*** Given records ***

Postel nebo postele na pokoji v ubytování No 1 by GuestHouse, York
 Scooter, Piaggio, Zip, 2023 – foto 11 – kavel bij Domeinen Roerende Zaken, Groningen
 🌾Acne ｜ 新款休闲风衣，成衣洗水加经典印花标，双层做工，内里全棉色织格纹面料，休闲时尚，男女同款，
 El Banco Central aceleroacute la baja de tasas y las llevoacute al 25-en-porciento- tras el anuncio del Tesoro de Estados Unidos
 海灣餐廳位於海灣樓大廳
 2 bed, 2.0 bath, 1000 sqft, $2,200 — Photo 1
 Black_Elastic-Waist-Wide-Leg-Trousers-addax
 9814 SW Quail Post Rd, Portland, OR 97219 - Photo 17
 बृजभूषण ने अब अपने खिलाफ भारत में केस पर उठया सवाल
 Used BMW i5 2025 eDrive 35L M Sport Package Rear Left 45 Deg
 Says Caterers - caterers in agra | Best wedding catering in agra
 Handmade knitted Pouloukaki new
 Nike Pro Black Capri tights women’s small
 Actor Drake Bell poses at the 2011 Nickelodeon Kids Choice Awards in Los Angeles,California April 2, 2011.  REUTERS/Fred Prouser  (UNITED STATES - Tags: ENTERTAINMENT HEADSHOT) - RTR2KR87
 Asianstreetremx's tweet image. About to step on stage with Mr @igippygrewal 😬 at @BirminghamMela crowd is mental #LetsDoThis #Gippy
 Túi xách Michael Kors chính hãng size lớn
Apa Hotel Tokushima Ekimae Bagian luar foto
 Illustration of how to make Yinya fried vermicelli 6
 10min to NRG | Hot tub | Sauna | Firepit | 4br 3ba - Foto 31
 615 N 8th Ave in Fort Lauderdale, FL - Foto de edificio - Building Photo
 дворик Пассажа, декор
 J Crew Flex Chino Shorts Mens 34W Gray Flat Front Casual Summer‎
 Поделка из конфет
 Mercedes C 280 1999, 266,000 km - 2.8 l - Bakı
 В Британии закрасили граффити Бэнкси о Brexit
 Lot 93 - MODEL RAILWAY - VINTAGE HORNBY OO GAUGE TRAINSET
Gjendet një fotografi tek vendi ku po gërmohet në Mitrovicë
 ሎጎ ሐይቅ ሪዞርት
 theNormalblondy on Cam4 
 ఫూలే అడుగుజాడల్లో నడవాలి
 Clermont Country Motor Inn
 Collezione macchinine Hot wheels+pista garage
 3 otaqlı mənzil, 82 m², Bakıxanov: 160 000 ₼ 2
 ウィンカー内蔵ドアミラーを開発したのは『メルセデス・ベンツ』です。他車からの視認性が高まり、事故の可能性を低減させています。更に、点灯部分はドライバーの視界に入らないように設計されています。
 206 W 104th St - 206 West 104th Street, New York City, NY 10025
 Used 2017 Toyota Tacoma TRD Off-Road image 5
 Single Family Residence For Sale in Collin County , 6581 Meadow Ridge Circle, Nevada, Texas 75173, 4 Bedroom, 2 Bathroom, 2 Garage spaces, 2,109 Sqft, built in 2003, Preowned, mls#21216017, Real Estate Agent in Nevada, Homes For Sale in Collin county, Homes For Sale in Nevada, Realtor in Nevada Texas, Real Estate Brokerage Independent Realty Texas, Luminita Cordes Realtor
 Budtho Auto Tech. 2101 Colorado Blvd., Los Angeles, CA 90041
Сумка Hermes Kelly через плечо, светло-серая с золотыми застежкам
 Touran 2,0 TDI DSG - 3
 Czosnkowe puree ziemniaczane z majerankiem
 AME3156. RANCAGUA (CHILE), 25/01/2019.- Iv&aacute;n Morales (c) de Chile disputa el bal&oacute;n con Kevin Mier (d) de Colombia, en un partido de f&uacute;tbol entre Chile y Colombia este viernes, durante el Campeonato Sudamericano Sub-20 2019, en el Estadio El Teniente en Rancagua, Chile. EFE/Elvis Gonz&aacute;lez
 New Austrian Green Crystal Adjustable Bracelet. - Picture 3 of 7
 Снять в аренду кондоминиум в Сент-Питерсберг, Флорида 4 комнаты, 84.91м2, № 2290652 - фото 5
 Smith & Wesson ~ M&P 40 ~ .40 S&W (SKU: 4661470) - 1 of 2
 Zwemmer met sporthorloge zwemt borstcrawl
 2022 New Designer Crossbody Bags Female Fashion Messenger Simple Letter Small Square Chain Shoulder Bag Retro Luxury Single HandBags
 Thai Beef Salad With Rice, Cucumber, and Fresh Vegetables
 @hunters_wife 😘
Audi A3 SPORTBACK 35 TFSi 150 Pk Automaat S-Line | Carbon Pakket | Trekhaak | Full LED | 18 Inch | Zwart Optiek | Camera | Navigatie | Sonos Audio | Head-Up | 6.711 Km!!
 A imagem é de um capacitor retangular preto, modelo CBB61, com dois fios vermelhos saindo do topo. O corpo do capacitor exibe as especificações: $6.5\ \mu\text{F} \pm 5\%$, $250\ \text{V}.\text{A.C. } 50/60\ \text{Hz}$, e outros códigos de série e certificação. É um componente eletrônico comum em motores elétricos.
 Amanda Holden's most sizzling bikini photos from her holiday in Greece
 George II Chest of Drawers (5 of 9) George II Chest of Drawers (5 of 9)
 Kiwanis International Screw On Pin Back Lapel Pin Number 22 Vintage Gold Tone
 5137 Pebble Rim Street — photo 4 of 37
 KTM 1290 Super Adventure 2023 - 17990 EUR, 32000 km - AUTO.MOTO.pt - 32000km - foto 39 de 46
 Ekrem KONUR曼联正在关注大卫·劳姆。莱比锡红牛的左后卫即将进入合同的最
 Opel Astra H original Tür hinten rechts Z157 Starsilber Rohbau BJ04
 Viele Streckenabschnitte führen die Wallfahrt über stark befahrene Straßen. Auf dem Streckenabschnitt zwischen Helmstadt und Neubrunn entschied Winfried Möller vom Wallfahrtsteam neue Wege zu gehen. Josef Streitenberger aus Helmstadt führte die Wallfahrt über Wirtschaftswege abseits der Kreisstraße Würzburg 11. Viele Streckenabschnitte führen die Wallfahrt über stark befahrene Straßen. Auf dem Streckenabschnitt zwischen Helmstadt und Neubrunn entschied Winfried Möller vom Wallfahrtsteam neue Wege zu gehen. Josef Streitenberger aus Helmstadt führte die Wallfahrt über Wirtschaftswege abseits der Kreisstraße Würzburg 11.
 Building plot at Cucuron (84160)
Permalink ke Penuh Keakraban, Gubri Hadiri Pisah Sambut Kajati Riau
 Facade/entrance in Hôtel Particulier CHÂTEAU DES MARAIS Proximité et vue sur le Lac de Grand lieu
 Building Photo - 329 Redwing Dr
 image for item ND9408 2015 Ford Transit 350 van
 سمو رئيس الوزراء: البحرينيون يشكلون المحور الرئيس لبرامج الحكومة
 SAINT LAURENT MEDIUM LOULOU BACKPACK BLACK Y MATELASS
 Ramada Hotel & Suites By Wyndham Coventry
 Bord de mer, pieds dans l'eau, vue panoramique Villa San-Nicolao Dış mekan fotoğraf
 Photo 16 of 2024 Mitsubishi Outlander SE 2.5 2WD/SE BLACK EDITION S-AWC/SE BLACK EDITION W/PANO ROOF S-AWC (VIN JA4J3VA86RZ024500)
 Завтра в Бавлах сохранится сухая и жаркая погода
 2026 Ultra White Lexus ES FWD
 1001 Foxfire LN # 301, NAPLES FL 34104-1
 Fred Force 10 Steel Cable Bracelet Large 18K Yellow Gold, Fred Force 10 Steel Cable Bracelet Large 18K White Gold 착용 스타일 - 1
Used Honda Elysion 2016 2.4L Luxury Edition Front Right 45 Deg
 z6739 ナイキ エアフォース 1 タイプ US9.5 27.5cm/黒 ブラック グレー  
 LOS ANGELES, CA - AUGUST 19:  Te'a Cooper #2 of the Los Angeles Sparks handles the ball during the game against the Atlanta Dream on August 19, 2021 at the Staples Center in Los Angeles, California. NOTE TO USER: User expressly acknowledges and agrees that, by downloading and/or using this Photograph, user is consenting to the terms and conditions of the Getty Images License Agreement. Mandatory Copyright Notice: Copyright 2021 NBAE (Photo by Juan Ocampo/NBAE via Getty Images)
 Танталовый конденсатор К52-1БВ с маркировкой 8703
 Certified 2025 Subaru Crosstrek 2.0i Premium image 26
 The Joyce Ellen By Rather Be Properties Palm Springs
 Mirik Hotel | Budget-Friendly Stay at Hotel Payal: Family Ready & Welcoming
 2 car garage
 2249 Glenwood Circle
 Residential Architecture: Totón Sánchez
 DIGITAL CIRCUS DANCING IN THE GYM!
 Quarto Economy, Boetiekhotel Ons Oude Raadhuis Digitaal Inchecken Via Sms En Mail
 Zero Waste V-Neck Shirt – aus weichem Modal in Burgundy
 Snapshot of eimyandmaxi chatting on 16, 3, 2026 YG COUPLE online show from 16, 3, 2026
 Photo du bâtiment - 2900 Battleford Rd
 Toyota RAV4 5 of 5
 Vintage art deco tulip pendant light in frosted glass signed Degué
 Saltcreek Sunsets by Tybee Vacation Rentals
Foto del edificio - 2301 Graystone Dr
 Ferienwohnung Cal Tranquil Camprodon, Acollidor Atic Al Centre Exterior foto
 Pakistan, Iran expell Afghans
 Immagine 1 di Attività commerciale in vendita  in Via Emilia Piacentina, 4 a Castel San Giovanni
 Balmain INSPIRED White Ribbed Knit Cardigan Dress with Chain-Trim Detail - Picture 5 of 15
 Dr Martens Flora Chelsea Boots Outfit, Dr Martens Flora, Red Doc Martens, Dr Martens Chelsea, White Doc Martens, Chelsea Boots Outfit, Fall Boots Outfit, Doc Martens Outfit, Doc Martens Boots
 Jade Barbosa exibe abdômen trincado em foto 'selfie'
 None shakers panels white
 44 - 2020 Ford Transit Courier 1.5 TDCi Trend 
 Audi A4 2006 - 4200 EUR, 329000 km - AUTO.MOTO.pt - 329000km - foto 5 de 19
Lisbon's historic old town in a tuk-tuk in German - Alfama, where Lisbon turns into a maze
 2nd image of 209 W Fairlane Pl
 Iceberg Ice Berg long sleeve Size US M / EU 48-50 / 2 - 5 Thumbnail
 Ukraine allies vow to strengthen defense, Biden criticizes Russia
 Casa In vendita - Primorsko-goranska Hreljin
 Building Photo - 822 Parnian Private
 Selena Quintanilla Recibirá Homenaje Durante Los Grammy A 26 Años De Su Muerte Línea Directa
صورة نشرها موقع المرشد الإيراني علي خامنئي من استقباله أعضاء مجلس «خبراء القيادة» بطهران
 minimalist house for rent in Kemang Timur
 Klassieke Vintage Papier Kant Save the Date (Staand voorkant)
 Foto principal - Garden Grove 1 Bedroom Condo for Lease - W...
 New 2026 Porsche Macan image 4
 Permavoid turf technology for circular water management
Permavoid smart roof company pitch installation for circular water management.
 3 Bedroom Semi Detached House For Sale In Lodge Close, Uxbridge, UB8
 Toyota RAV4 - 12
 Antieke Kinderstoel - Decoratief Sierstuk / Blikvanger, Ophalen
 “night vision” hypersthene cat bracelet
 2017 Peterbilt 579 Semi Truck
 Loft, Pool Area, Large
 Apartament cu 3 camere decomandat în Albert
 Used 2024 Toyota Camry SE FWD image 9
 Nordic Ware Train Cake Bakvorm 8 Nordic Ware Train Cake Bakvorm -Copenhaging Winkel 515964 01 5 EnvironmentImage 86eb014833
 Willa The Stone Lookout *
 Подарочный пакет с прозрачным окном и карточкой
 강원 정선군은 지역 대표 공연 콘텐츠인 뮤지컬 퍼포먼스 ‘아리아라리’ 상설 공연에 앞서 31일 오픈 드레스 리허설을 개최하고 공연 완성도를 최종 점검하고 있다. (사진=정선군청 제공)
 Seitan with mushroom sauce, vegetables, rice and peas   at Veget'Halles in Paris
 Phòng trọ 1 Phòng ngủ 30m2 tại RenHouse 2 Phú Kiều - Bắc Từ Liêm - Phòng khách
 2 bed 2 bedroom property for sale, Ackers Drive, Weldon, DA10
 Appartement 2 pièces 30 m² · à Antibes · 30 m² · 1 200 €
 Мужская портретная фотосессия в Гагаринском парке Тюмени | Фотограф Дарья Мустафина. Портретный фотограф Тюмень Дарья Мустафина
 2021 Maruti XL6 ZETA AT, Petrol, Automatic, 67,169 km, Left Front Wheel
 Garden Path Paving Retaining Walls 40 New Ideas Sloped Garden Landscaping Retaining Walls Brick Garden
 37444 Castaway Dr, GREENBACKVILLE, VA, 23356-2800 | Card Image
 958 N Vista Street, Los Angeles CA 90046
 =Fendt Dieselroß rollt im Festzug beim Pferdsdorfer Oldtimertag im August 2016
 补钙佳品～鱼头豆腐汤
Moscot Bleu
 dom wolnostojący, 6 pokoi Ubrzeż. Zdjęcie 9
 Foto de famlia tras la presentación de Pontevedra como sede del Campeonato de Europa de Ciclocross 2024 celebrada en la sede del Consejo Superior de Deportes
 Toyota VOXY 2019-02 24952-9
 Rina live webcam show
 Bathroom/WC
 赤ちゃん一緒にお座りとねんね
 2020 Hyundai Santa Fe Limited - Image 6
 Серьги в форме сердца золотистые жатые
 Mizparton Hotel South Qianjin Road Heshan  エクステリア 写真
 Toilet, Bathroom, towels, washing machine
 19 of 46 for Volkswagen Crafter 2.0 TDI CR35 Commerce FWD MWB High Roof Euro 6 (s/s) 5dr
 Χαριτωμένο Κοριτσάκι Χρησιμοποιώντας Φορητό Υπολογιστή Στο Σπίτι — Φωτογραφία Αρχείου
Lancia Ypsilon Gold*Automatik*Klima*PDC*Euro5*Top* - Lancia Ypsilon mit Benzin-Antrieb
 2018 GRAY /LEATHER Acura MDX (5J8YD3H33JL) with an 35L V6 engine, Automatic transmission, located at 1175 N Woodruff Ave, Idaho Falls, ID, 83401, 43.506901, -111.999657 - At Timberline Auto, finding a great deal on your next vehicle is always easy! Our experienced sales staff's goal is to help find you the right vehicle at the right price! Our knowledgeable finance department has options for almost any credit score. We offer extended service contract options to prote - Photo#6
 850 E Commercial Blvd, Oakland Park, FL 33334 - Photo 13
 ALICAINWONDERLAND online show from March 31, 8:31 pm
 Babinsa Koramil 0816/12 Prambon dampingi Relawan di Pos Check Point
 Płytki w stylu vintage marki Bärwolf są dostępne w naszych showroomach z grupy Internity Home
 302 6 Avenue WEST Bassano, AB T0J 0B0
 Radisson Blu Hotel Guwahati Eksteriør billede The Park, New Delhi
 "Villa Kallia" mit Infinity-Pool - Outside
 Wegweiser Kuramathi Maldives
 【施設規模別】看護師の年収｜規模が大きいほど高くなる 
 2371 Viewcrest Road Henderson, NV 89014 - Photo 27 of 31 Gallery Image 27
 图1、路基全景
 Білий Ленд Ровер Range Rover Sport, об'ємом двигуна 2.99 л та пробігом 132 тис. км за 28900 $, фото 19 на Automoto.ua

*** End of Given records ***

Task requirements -
Your answer must consist only of the lines from the start of the records above through the line with "Used 2017 Toyota Tacoma TRD Off-Road image 5", each retyped exactly.

Written response -
Postel nebo postele na pokoji v ubytování No 1 by GuestHouse, York
 Scooter, Piaggio, Zip, 2023 – foto 11 – kavel bij Domeinen Roerende Zaken, Groningen
 🌾Acne ｜ 新款休闲风衣，成衣洗水加经典印花标，双层做工，内里全棉色织格纹面料，休闲时尚，男女同款，
 El Banco Central aceleroacute la baja de tasas y las llevoacute al 25-en-porciento- tras el anuncio del Tesoro de Estados Unidos
 海灣餐廳位於海灣樓大廳
 2 bed, 2.0 bath, 1000 sqft, $2,200 — Photo 1
 Black_Elastic-Waist-Wide-Leg-Trousers-addax
 9814 SW Quail Post Rd, Portland, OR 97219 - Photo 17
 बृजभूषण ने अब अपने खिलाफ भारत में केस पर उठया सवाल
 Used BMW i5 2025 eDrive 35L M Sport Package Rear Left 45 Deg
 Says Caterers - caterers in agra | Best wedding catering in agra
 Handmade knitted Pouloukaki new
 Nike Pro Black Capri tights women’s small
 Actor Drake Bell poses at the 2011 Nickelodeon Kids Choice Awards in Los Angeles,California April 2, 2011.  REUTERS/Fred Prouser  (UNITED STATES - Tags: ENTERTAINMENT HEADSHOT) - RTR2KR87
 Asianstreetremx's tweet image. About to step on stage with Mr @igippygrewal 😬 at @BirminghamMela crowd is mental #LetsDoThis #Gippy
 Túi xách Michael Kors chính hãng size lớn
Apa Hotel Tokushima Ekimae Bagian luar foto
 Illustration of how to make Yinya fried vermicelli 6
 10min to NRG | Hot tub | Sauna | Firepit | 4br 3ba - Foto 31
 615 N 8th Ave in Fort Lauderdale, FL - Foto de edificio - Building Photo
 дворик Пассажа, декор
 J Crew Flex Chino Shorts Mens 34W Gray Flat Front Casual Summer‎
 Поделка из конфет
 Mercedes C 280 1999, 266,000 km - 2.8 l - Bakı
 В Британии закрасили граффити Бэнкси о Brexit
 Lot 93 - MODEL RAILWAY - VINTAGE HORNBY OO GAUGE TRAINSET
Gjendet një fotografi tek vendi ku po gërmohet në Mitrovicë
 ሎጎ ሐይቅ ሪዞርት
 theNormalblondy on Cam4 
 ఫూలే అడుగుజాడల్లో నడవాలి
 Clermont Country Motor Inn
 Collezione macchinine Hot wheels+pista garage
 3 otaqlı mənzil, 82 m², Bakıxanov: 160 000 ₼ 2
 ウィンカー内蔵ドアミラーを開発したのは『メルセデス・ベンツ』です。他車からの視認性が高まり、事故の可能性を低減させています。更に、点灯部分はドライバーの視界に入らないように設計されています。
 206 W 104th St - 206 West 104th Street, New York City, NY 10025
 Used 2017 Toyota Tacoma TRD Off-Road image 5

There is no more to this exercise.